In your copy, drop the images and return each record exactly as it stands.

___ Data excerpts

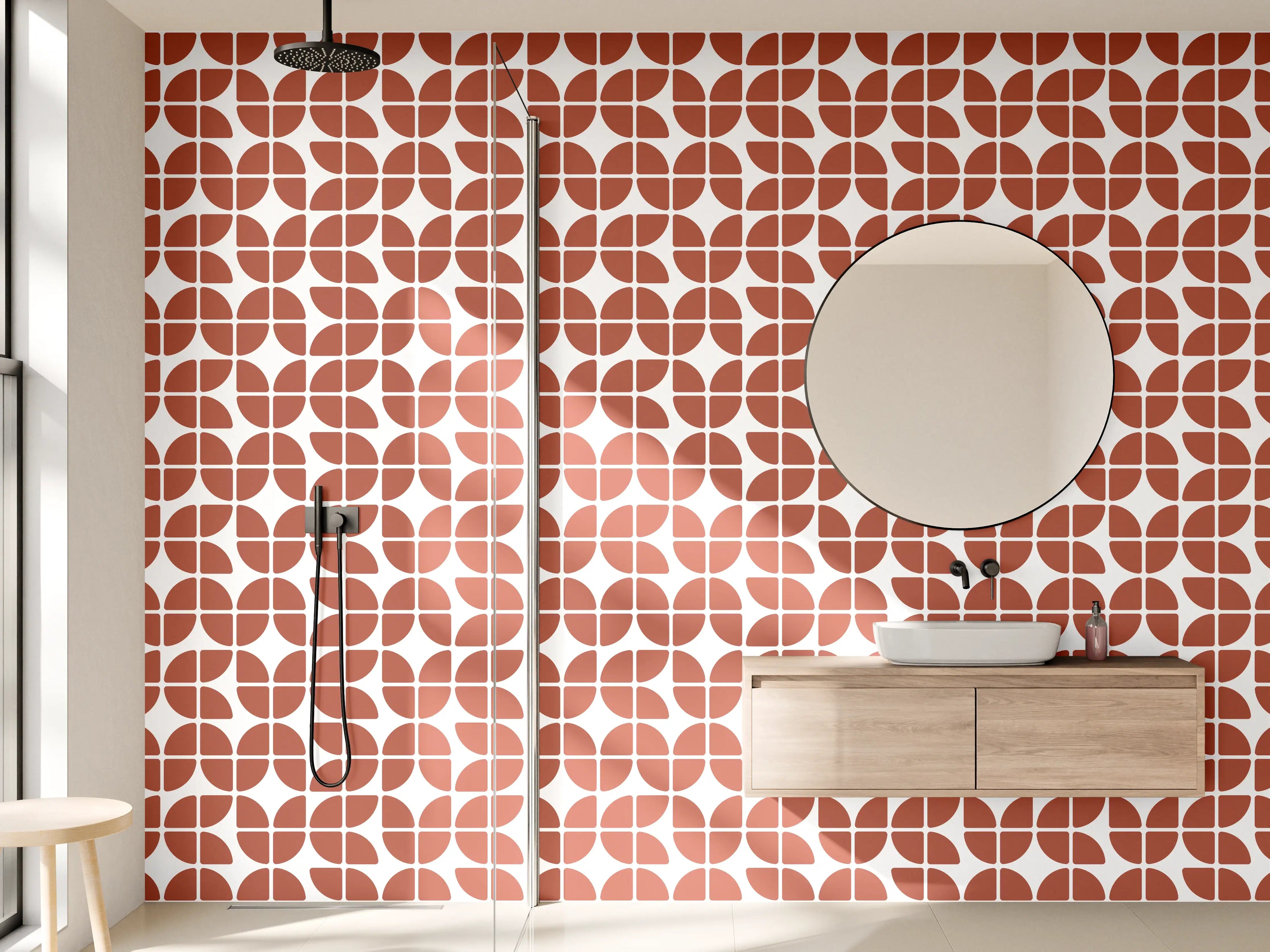 Wandverkleidung Bad - Zeitlose Grau-Terrakotta-Muster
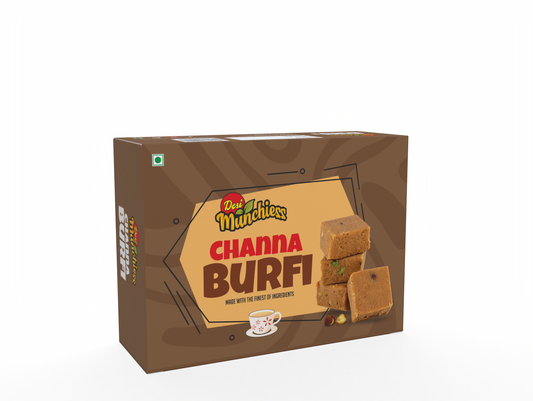Desimunchiess Chana Burfi sweet in a 400g pack, showcasing golden brown Indian delicacy with a textured surface and traditional appearance.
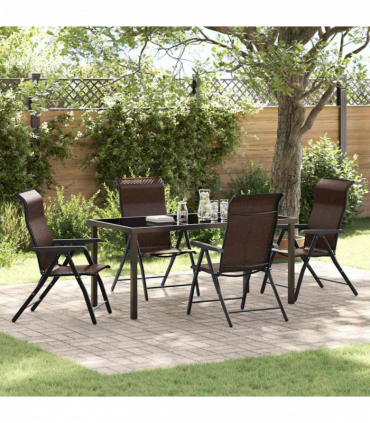 vidaXL Garden Dining Set Height-Adjustable 5 pcs Brown Poly rattan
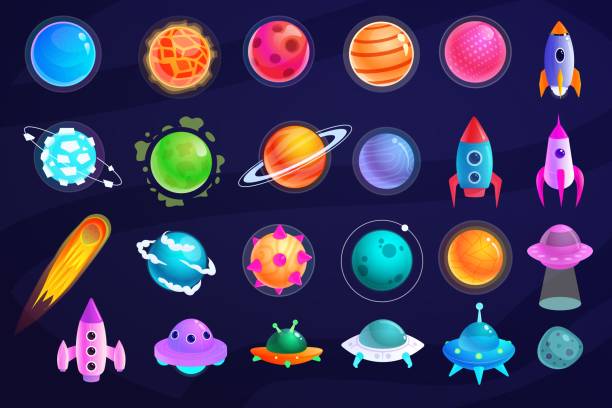 Fantasy space set isolated on dark background Space object. Alien planet, UFO spaceship, astronaut rocket and missile cosmic object vector icon. Fantasy space set isolated on dark background. Astronomy and outer space exploration illustration galaxy illustrations stock illustrations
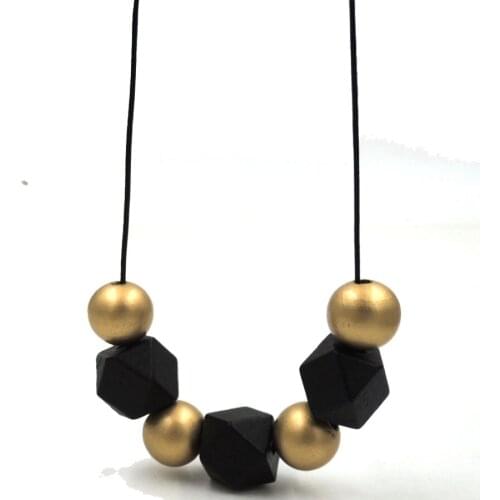 Chunky Round Wooden beads Geometric black gold Bead Necklace pendant Geometric Wood women unique necklace gift NW083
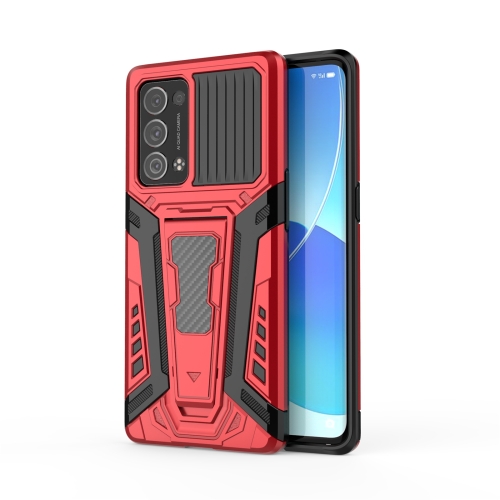 

For OPPO Reno6 Pro+ 5G War Chariot Series Armor All-inclusive Shockproof PC + TPU Protective Case with Invisible Holder(Red)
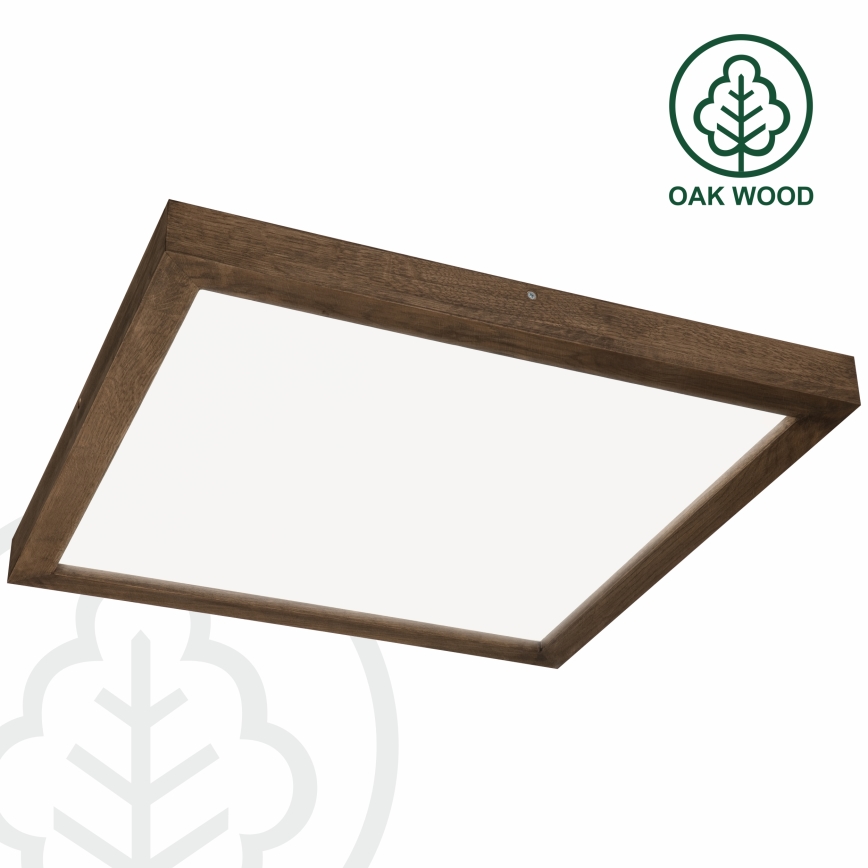 Brilagi - LED himmennettävä kylpyhuoneen kattovalaisin WOODY FRAME LED/50W/230V tammi-pähkinä 60x60 cm 3000-6000K IP44 + kaukosäädin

______

* _Response area_
 Wandverkleidung Bad - Zeitlose Grau-Terrakotta-Muster
Desimunchiess Chana Burfi sweet in a 400g pack, showcasing golden brown Indian delicacy with a textured surface and traditional appearance.
 vidaXL Garden Dining Set Height-Adjustable 5 pcs Brown Poly rattan
 Fantasy space set isolated on dark background Space object. Alien planet, UFO spaceship, astronaut rocket and missile cosmic object vector icon. Fantasy space set isolated on dark background. Astronomy and outer space exploration illustration galaxy illustrations stock illustrations
 Chunky Round Wooden beads Geometric black gold Bead Necklace pendant Geometric Wood women unique necklace gift NW083

For OPPO Reno6 Pro+ 5G War Chariot Series Armor All-inclusive Shockproof PC + TPU Protective Case with Invisible Holder(Red)
 Brilagi - LED himmennettävä kylpyhuoneen kattovalaisin WOODY FRAME LED/50W/230V tammi-pähkinä 60x60 cm 3000-6000K IP44 + kaukosäädin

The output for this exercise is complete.